João Tordo, O Deslumbre de Cecília Fluss
Em O Deslumbre de Cecília Fluss assiste-se a um jogo pautado por vários níveis ainda que de forma muito subtil, com o leitor a ser, por sua vez, lembrado da sua condição, através de um narrador que também o interpela, que lhe lembra que é ele o destinatário de uma narrativa construída para o indagar acerca da mortalidade e da condição humana, conjugando-se para isso o racional e a fantasia, sem que a fronteira entre um e outra esteja latente.
Através
das personagens do enredo explora-se a temática da solidão como ponto de
chegada, a evolução e decadência da condição humana, o amor como ponte entre o
prazer e a dor emocional. Assim, João Tordo pega na morte como catarse para
regressar ao início, a Matias, um
miúdo que é a transmutação dos narradores dos seus livros. Ele acaba por se tornar
um homem, sempre muito ansioso e com vontade de paz, algo que não consegue
alcançar, como quase toda a Humanidade aliás.

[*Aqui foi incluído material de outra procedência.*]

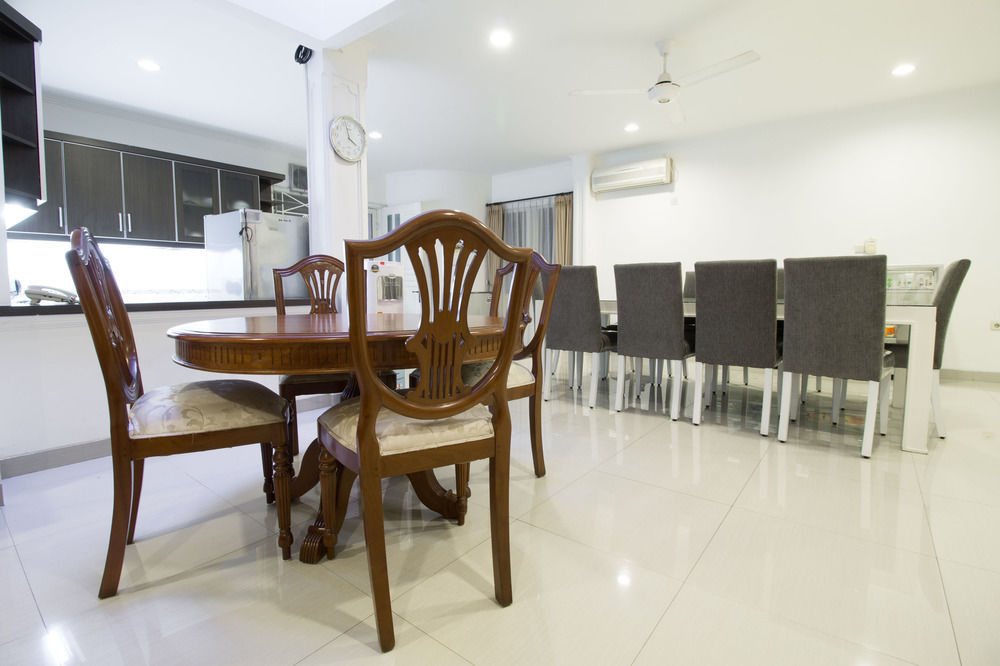 Reddoorz Plus @ Tendean Jakarta Exterior photo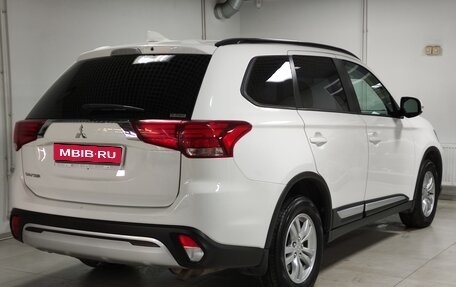 Mitsubishi Outlander III рестайлинг 3, 2022 год, 2 940 000 рублей, 2 фотография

O verdadeiro suspense em O Deslumbre de Cecília Fluss não está na resolução de um enigma, mas no labirinto de emoções, crenças, sonhos e pesadelos de personagens bizarras que servem para discorrer sobre a morte, o medo, a doença, a angústia, a religião, a mitologia e o sofrimento enquanto potência de vida numa teia que obedece a um único princípio: seguir um homem — com letra minúscula ou maiúscula — em dor.
À
medida que ia lendo O deslumbre de
Cecilia Fluss, fiquei com a sensação que o autor podia
continuar a escrever esta estória para sempre porque, na verdade, nada acaba. Ela,
de facto, situa-se em lugar nenhum, mas em todos os sítios simultaneamente. A
busca não tem fim e a luta, a vida, ou o que se assemelha a ela, continuam. Há
lições importantes para todas as personagens, mas sobretudo para o leitor. De
uma forma muito geral fala-se de adolescência, amizade, amor, perda, medo,
solidão e demência. Mas isso são apenas os meios de transporte utilizados para
falar da vida e da condição humana - de que é que somos feitos? O
que é que nos magoa (e porquê)? O que é que procuramos? Esta obra é portanto um convite à auto-análise, à reflexão sobre o sentido das coisas e ao
apaziguamento do sofrimento que nunca parece terminar.
Com
este romance partilhei a dor e a
tentativa de fuga da realidade com Matias,
a solidão e o desapego com Elias, a
insatisfação e a desilusão com a Cecília
e um pouco de loucura com todos eles.